While it might be tempting to get upside down and practice struggling to get a rep or two at reduced range, what would be better for strength gains would be to turn this into 5 sets of piked handstand push ups, DB shoulder press or even regular push-ups. After all, I have never met someone good at handstand push-ups not be able to do flat push-ups.


The same is true of something like strict toes-to-bar. Time and time again, I see athletes pretending to do strict toes-to-bar sets during a skill/strength session, but in reality their feet come way behind their hips each rep and they use their hips to kip their feet to the bar. If you have to cheat the movement even a little bit, it’s always better to master a simpler progression first. In this case, a knee raise or knees-to-elbow would be a better progression. If you can master 5 x 10 perfect knees-to-elbow, my guess is you’ll suddenly be able to do a real strict toes to bar instead of your pretend ones. 



Now let’s look at scaling during conditioning.
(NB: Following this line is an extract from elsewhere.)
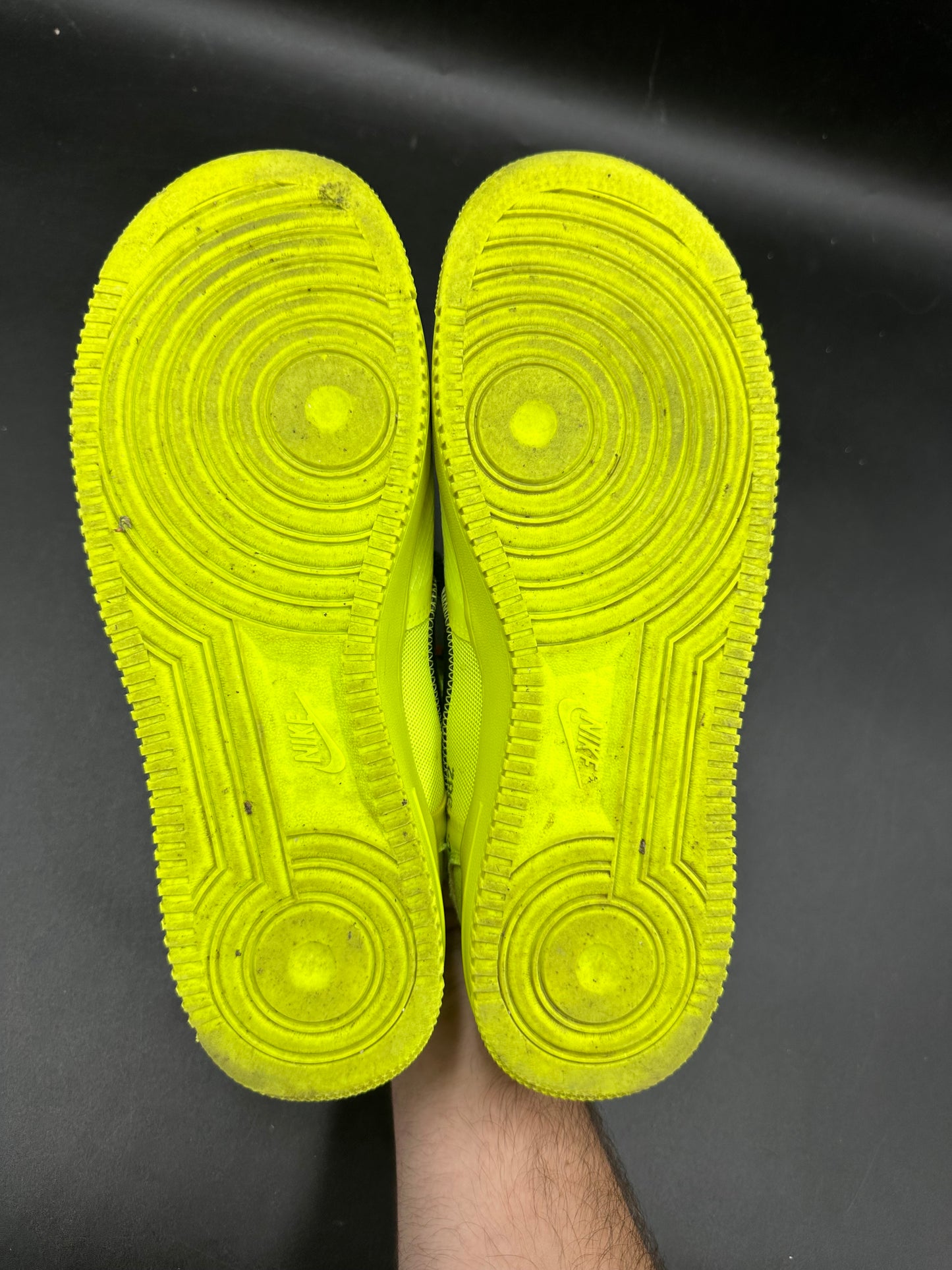 Air Force 1 off white volt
Let’s say the workout is Helen: 3 rounds for time of 400 m run, 21 KB swings and 12 pull-ups. The purpose of the workout is for conditioning, meaning if you’re spending half the workout resting as you’re trying to get through the pull-ups, you essentially lose the aerobic intention of the workout. I would say the workout should fall in the 7-minute (if you're incredibly conditioning and skilled) to the 12-14 minute time domain. If you're taking longer than 12-14 minutes, chances are you missed the mark with your progressions.


Athlete 1 can do 40 kipping pull-ups unbroken.

His goal is likely to try to make it through the workout unbroken, taxing his aerobic system and muscular endurance as much as he’s willing and able to.


Athlete 2 can do five or six strict pull-ups, but hasn’t yet figured out how to kip.

They might be tempted to do strict pull-ups instead of kipping pull-ups in the workout, but this probably isn’t the best course of action to preserve the intention of the workout. When un-fatigued this athlete can do five strict pull-ups, but after a run and KB swings, those pull-ups will be reduced to one or two at a time. Resulting in more time resting near the pull-up bar than pushing their aerobic system. To maintain the stimulus of an aerobic workout, this athlete would be better off doing 12 band-assisted pull-ups or even 12 challenging ring rows to allow the 12 reps to be completed in 3 sets or less.


Athlete 3 got their first pull-up last month and has since been able to do two or three at a time with adequate rest.

This athlete may be tempted to throw pull-ups into a conditioning workout. But like Athlete 2, when you add in running and KB swings to the mix, pull-ups will probably end up taking a few minutes to get through each round, meaning the workout will no longer be an aerobic test. They would be better off doing ring rows or jumping pull-ups to continue moving as much as possible without resting much throughout the three rounds.




If you’re ever in doubt, or confused about what the best progression is for your development, ask your coach! Get them to explain what the intention of the workout is, and the best course of action to help your current fitness level.